(Short web captions)
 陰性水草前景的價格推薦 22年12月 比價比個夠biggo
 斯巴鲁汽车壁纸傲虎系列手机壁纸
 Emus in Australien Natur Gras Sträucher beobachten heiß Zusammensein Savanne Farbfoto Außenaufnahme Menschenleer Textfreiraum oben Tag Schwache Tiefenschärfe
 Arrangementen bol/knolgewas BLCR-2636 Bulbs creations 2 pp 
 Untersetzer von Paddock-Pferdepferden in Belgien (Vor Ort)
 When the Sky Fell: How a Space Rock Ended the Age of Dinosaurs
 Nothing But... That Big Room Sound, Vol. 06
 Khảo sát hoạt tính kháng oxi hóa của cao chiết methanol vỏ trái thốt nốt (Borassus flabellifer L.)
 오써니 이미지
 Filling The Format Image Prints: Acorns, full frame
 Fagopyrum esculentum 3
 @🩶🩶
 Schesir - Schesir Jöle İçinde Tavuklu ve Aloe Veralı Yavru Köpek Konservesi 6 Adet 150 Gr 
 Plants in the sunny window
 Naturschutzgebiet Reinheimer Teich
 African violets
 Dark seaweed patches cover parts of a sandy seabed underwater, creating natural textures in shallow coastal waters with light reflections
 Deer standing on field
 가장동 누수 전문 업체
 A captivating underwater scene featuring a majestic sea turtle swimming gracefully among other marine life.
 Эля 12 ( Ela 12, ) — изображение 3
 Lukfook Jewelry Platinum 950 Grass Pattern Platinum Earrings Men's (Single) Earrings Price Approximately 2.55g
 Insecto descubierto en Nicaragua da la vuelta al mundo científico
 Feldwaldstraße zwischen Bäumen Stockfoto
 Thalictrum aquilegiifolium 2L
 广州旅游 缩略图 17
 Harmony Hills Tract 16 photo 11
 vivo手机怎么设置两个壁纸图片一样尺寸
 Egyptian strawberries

**EXERCISE**
Copy the data above. Keep each line exact.

**FINISHED TASK**
 陰性水草前景的價格推薦 22年12月 比價比個夠biggo
 斯巴鲁汽车壁纸傲虎系列手机壁纸
 Emus in Australien Natur Gras Sträucher beobachten heiß Zusammensein Savanne Farbfoto Außenaufnahme Menschenleer Textfreiraum oben Tag Schwache Tiefenschärfe
 Arrangementen bol/knolgewas BLCR-2636 Bulbs creations 2 pp 
 Untersetzer von Paddock-Pferdepferden in Belgien (Vor Ort)
 When the Sky Fell: How a Space Rock Ended the Age of Dinosaurs
 Nothing But... That Big Room Sound, Vol. 06
 Khảo sát hoạt tính kháng oxi hóa của cao chiết methanol vỏ trái thốt nốt (Borassus flabellifer L.)
 오써니 이미지
 Filling The Format Image Prints: Acorns, full frame
 Fagopyrum esculentum 3
 @🩶🩶
 Schesir - Schesir Jöle İçinde Tavuklu ve Aloe Veralı Yavru Köpek Konservesi 6 Adet 150 Gr 
 Plants in the sunny window
 Naturschutzgebiet Reinheimer Teich
 African violets
 Dark seaweed patches cover parts of a sandy seabed underwater, creating natural textures in shallow coastal waters with light reflections
 Deer standing on field
 가장동 누수 전문 업체
 A captivating underwater scene featuring a majestic sea turtle swimming gracefully among other marine life.
 Эля 12 ( Ela 12, ) — изображение 3
 Lukfook Jewelry Platinum 950 Grass Pattern Platinum Earrings Men's (Single) Earrings Price Approximately 2.55g
 Insecto descubierto en Nicaragua da la vuelta al mundo científico
 Feldwaldstraße zwischen Bäumen Stockfoto
 Thalictrum aquilegiifolium 2L
 广州旅游 缩略图 17
 Harmony Hills Tract 16 photo 11
 vivo手机怎么设置两个壁纸图片一样尺寸
 Egyptian strawberries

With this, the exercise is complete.